Task to carry out — Your task is to copy the records that follow exactly, minus any images.

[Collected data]
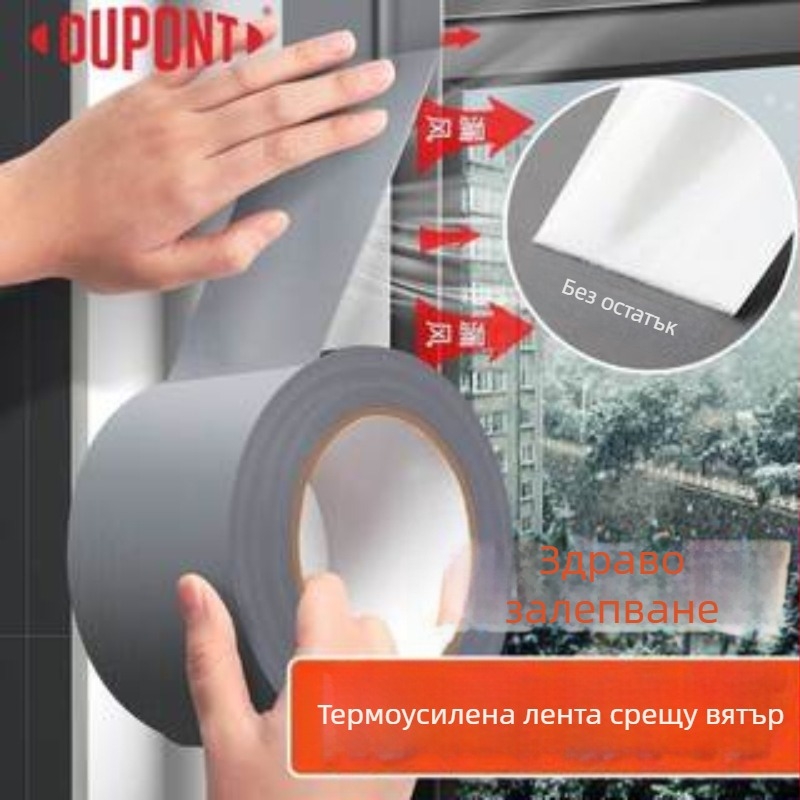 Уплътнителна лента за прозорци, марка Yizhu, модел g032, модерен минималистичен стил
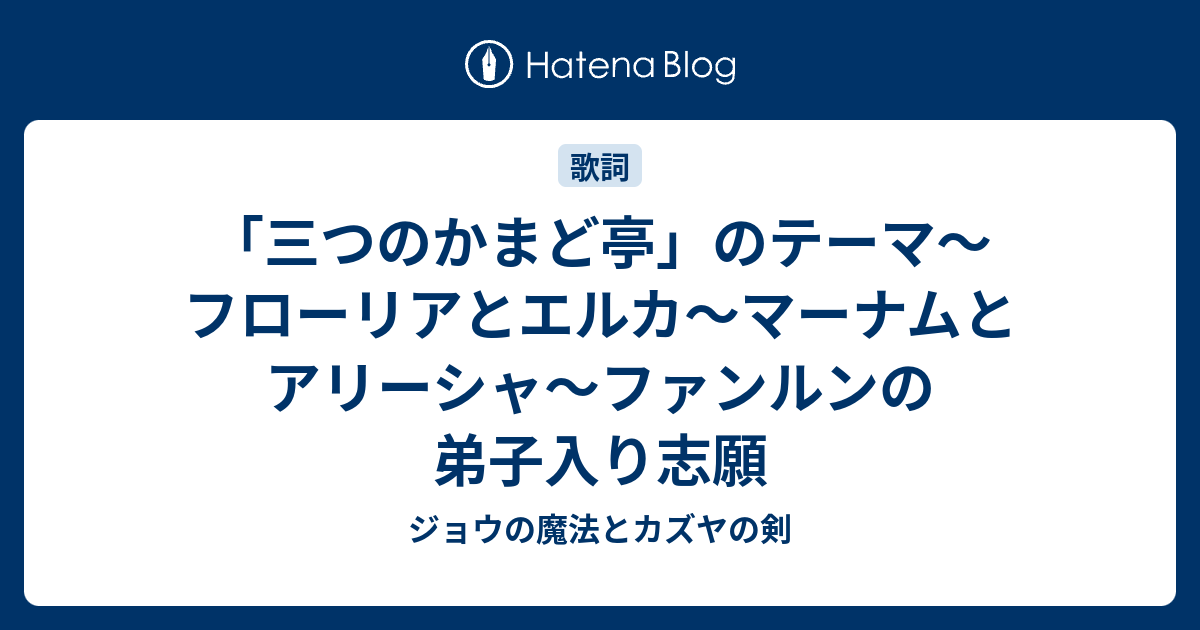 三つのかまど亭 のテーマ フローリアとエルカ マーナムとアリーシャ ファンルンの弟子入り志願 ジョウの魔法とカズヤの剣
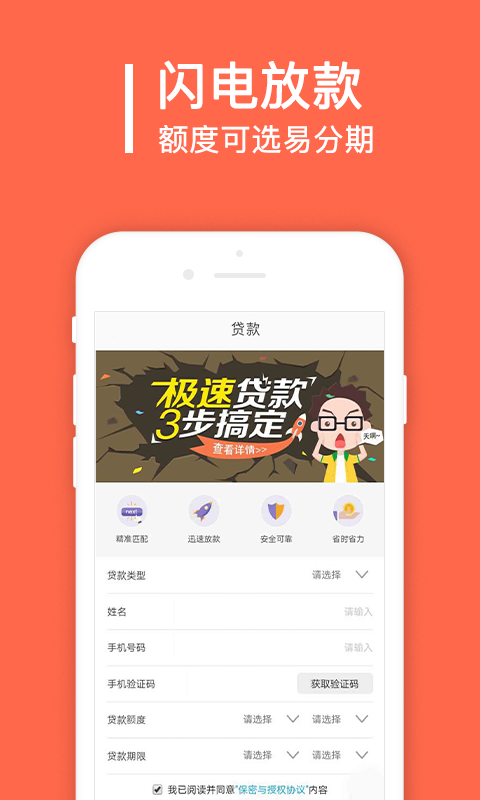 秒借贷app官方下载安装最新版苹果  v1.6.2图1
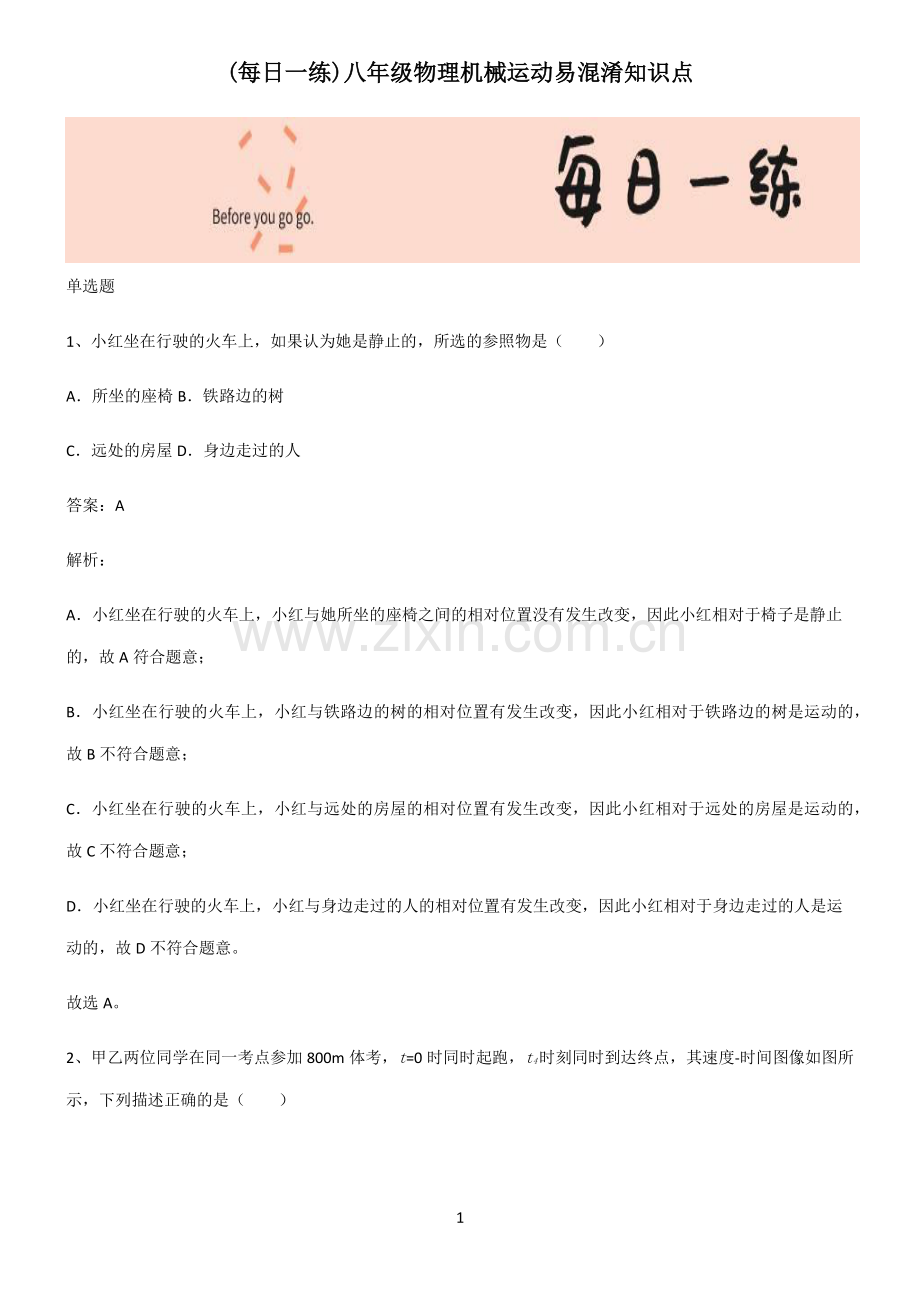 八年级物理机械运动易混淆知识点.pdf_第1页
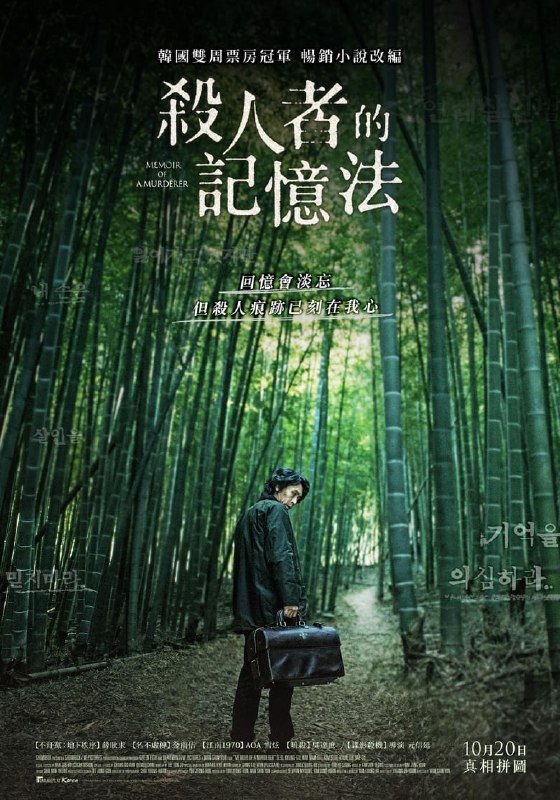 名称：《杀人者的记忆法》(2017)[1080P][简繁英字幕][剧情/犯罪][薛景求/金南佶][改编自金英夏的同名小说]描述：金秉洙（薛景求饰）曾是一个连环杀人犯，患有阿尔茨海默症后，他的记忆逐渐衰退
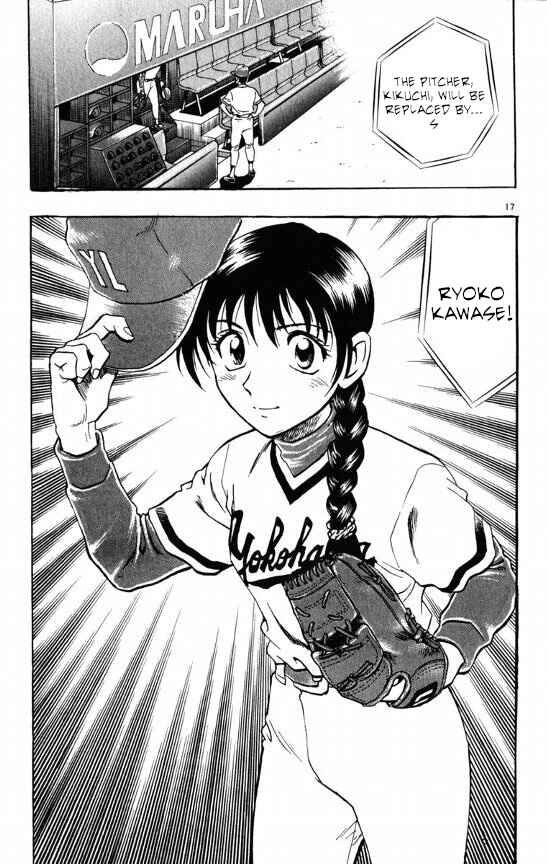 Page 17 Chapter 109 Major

Task response —
 Уплътнителна лента за прозорци, марка Yizhu, модел g032, модерен минималистичен стил
 三つのかまど亭 のテーマ フローリアとエルカ マーナムとアリーシャ ファンルンの弟子入り志願 ジョウの魔法とカズヤの剣
 秒借贷app官方下载安装最新版苹果  v1.6.2图1
 八年级物理机械运动易混淆知识点.pdf_第1页
 名称：《杀人者的记忆法》(2017)[1080P][简繁英字幕][剧情/犯罪][薛景求/金南佶][改编自金英夏的同名小说]描述：金秉洙（薛景求饰）曾是一个连环杀人犯，患有阿尔茨海默症后，他的记忆逐渐衰退
 Page 17 Chapter 109 Major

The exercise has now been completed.